The implementation of such systems has reduced aircraft accidents caused by Controlled Flight into Terrain (CFIT) however it has not been eliminated. Thus it is necessary for a new system to be developed, that would not only act like a warning, but would also be capable of assisting the pilot by providing him with safe escape trajectories in a situation which could eventuate into a CAT accident. Pilots usually conduct a pull- up manoeuvre when in ground proximity to increase altitude. This is a logical response but in high mountainous terrain, this manoeuvre may still result in a collision. Furthermore, the sudden pull up manoeuvre could cause the aircraft to exceed its aerodynamics, structural and propulsion limitations. For example load factor.

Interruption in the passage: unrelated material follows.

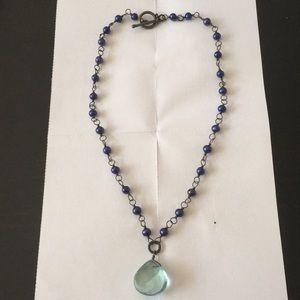 Handmade blue beaded wrapped wire pendant necklace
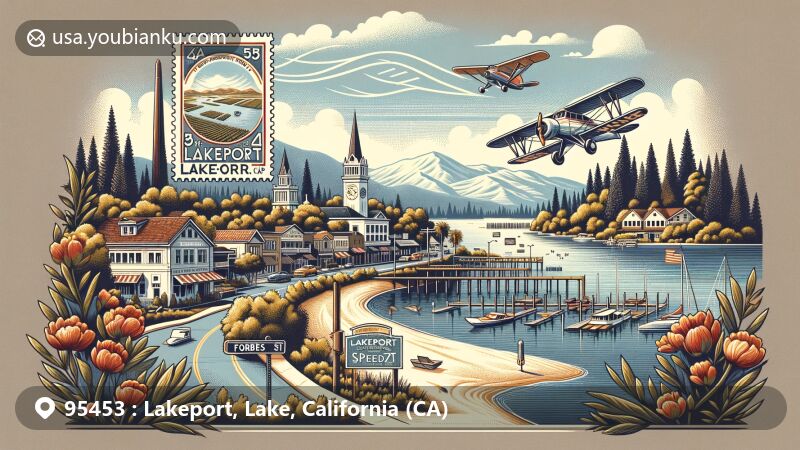 Modern illustration of Lakeport, Lake, California, highlighting historical and natural landmarks like Forbes Street and Lakeport Speedway, as well as the serene Clear Lake, with a vintage postage stamp featuring ZIP code 95453 and a postal plane in the background.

Hence, the primary aim of this research is to develop a methodology utilizing the availability of a three dimensional digital terrain topology database and aircraft position to compute safe escape trajectories in both vertical and lateral directions. The aircraft model used was a Phantom F4. The objective of this thesis is to prove that flying around a terrain can provide the pilot a better chance of survival than by conducting the regular pull up manoeuvre in case there is not adequate time. To add more value to this study, two more objective functions have been added, minimum time and minimum clearance from the terrain. In the former case, the aircraft has to clear the terrain in the least possible time whilst in the latter case; the aircraft has to clear the terrain by flying close to the terrain at a specified clearance. The two scenarios have been selected as military aircraft are most often involved in Terrain Avoidance (TA) and Terrain Following (TF) operations to prevent them from being exposed to enemy fire. However emphasis is given more on avoiding collision rather than planning a collision avoidance strategy.
The second part of this investigation involves a sensitivity analysis of instrument errors on the ability to fly an optimal escape trajectory. Instrumental errors are always present and should be considered in any flight simulation to determine how practical the methodology is. To investigate the extent of influence of instrumental errors, there is a need to conduct a sensitivity analysis which is presented. The sensitivity study involves consideration of various scenarios in which the aircraft is required to fly an optimal flight trajectory out of collision. The principal reason for such analysis Is to determine the sensitivity of the optimal escape trajectory solution subjected to instrument errors.
Snopt and Direct software were used extensively in Matlab environment version 7 for all the analytical work conducted for this thesis. The three dimensional terrains were initially generated via using functions such as cylinders, cones, etc. Subsequently the more complicated shape of the terrains were generated in Terrain Generator which was exported and converted to Direct format file using B-Splines function in Matlab. Further details pertaining to generation of results are provided.
The results obtained in this thesis show that generation of safe aircraft trajectories in a three dimensional digital terrain topology are possible. Although the equations of motion were based on three degrees of freedom, there were limitations added on the dynamics of the aircraft to make it realistic. The ability to use different terrains for modelling also proves that the method is versatile. Finally investigation of the sensitivity analysis shows the ability to counter act the errors in navigational instruments of the aircraft.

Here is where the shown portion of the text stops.